Parks People surveys some of the tactics communities under attack have invented, from ‘barricades to banned books’; many of these ad hoc community networks also stepped up with fundraisers to top up the food budget of SNAP recipients during the shutdown. Some are the efforts of individuals who feel called to contribute in their own unique way, like the now-iconic Portland Frog and the Navy veteran who zips around his South Baltimore neighborhood on his scooter like a self-styled Paul Revere to warn neighbors that ‘ICE is coming’. Others are doing the difficult work of welcoming into the movement former conservatives who are falling away from Trump but whose consciousness is evolving; from the old-school Republican money man helping people defect from the ‘authoritarian cult’ of Trump’s GOP, to the emerging ‘exvangelical movement’ of Christian women who are helping each other de-program from hateful ideologies, to veterans’ organizations like About Face which supports active-duty servicemembers who are taking the bold step of resisting orders. After the first American Pope, Leo XIV, issued a call for ‘deep reflection’ on the Trump Administration’s treatment of immigrants, the U.S. Conference of Catholic Bishops voted almost unanimously this week to issue a rare and historic “Special Message” as a collective rebuke of the Trump Administration’s mass deportation program, the ‘dehumanizing rhetoric’ that fuels anti-immigrant sentiment, and the ‘climate of fear’ it has created in immigrant communities; and called for “meaningful reform” of U.S. immigration laws. Catholic priests have been at the forefront of anti-ICE resistance and community defense in Chicago; a Catholic priest and nearly two dozen other faith leaders were arrested Friday when the group knelt down and refused to clear the street during a prayer protest at Chicago’s Broadview ICE facility.Upcoming Protests, Actions, and Events.
November 16-22: The farm advocacy coalition BackForty Action is hosting a major advocacy event called “Save the Heartland” at D.C. Union Station.
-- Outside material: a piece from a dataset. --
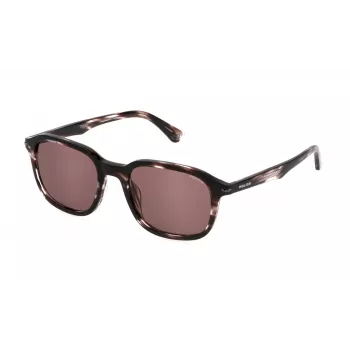 Police Herren-Sonnenbrille SPLL81-530GGU Dunkelgrauer Acetatrahmen Grau Verlaufsglas 53mm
The two-week activism, education and storytelling event aims to connect rural advocates, farmers, teachers, and healthcare workers to defend rural America against harmful policies threatening our farms, schools, and hospitals. More information can be found at SaveTheHeartland.org.
Mondays, November 17 & 24: The group Refuse Fascism! is leading an action to ‘Surround The White House’ on the next two consecutive Mondays to protest the Trump regime and help build a nonviolent mass movement to drive him out of power. The action is coordinated with the launch of the Removal Coalition’s impeachment campaign on November 22. More information and materials can be found at Refuse Fascism’s website.
Tuesdays, 12-2pm ET and 7-9pm ET, ongoing: The New York-based nonviolent action group Rise and Resist is organizing a weekly picket against institutions that support the Trump regime on Tuesdays, at NYC’s Fox Headquarters (12-1pm ET) and at offices of various law firms complicit with the Trump regime (1-2pm ET). They will also be holding their general meetings on Zoom Tuesday nights from 7-9pm ET. More information can be found on Bluesky and at RiseAndResist.org.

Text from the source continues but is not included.